One popular provision that remains unchanged is a taxpayer's ability to begin Qualifying Charitable Distributions (QCDs). Interestingly, taxpayers can still begin QCDs after reaching age 70½ and do not need to delay until age 72. For an in-depth look at QCDs, see my colleague Julie's newsletter from November 2019:  Turbo Charge Your Giving with Tax-Efficient Strategies.

Future developments: While the new law shifts the age at which taxpayers must begin RMDs, it does not address the underlying life expectancy used in the calculation. The IRS received a separate proposal during 2019 which if passed would increase life expectancy, thereby reducing annual RMDs, so stay tuned.

Inherited IRAs
The two biggest factors in determining required distributions from inherited IRAs are:
  • Who is the beneficiary? Not all IRA beneficiaries are created equal, and naming multiple beneficiaries could have unintended consequences...here's looking at you trusts and charities.
  • Did the IRA owner die prior to the required beginning date, or on or after the required beginning date?
The old law divided beneficiaries into three categories, surviving spouse, designated individual beneficiaries (including some trust beneficiaries) and non-designated beneficiaries (estates, charities and some trusts). Under the old rules the surviving spouse and designated individual beneficiaries were able to stretch distributions from an inherited IRA over their remaining life expectancy in most circumstances.

The SECURE Act removes this popular stretch provision by requiring designated beneficiaries to distribute the full account balance by December 31st of the 10th year following the account owner's death. 2 Note that  beneficiaries are not required to take distributions annually during the 10 year period which creates significant cash and tax planning opportunities.  The law provides an exception to the 10-year rule for "Eligible Designated Beneficiaries" which includes the surviving spouse, a child of the decedent who has not reached age of majority, a disabled individual, a chronically ill individual or an individual who is not more than 10 years younger than the decedent. Therefore, eligible designated beneficiaries can still stretch distribution over their remaining life expectancy. 3

The SECURE Act also enriches two benefits for surviving spouses who choose to remain the beneficiary of an inherited IRA:
  • Spousal beneficiaries can delay taking RMDs from the inherited account until the decedent would have been required to begin RMDs of their own, and
  • If the surviving spouse dies prior to when RMDs would have been required for the original account owner, the surviving spouse is treated as the original account owner, which means their beneficiaries would be treated as the first beneficiaries of the account and potentially classified as eligible designated beneficiaries.
Notably, the provisions above primarily impact individual beneficiaries. The act does not change the 5-year rule that applies to non-designated beneficiaries which requires distribution of the full account by December 31st of the 5th year following the account owner's death if the account owner died prior to beginning RMDs.

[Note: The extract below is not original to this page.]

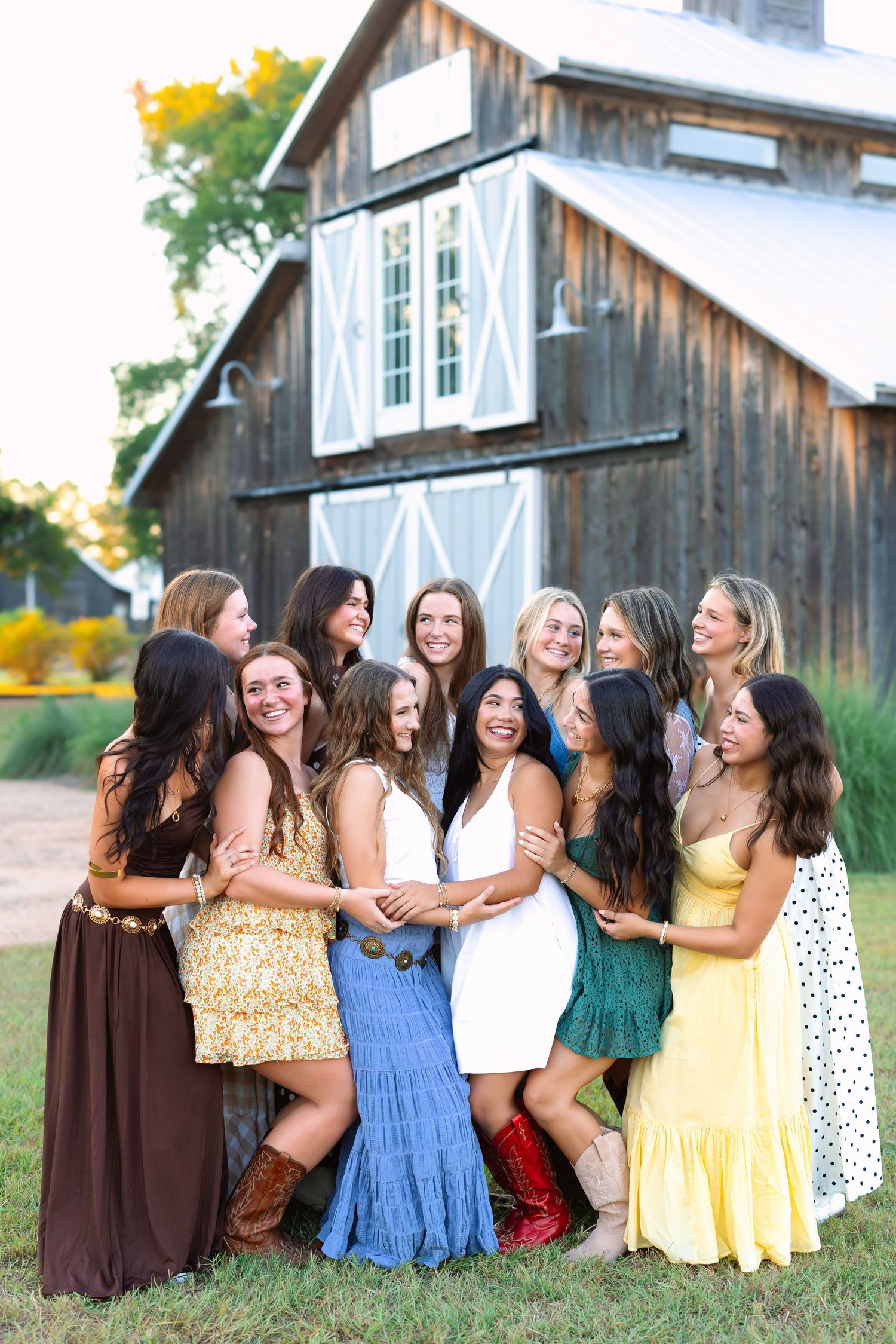 Group in sundresses and boots sharing a candid moment of laughter by a rustic barn.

In summary, IRAs and the distribution rules are tricky for those approaching RMD age and it is definitely time to start reviewing your IRA beneficiaries. The summary above only hits the highlights of the new laws, so a thorough review of each taxpayer's circumstances is necessary. At Providence Capital Advisors, we are keeping up-to-date on the latest legislative changes and are prepared to help with your IRA questions.  

[1] Under both the old and new law, taxpayers have the option to delay the first distribution until April 1st of the year following the trigger age. Subsequent distributions must be made annually prior to December 31st. Therefore, if a taxpayer delays the first distribution, they will need to take two distributions in year 1 - the 1st distribution by April 1st and the second by December 31st.
[2] The 10-year rule is effective for individuals dying after 2019.
[3] Minor children qualifying as designated beneficiaries are required to distribute the remaining balance within 10 years of reaching the age of majority.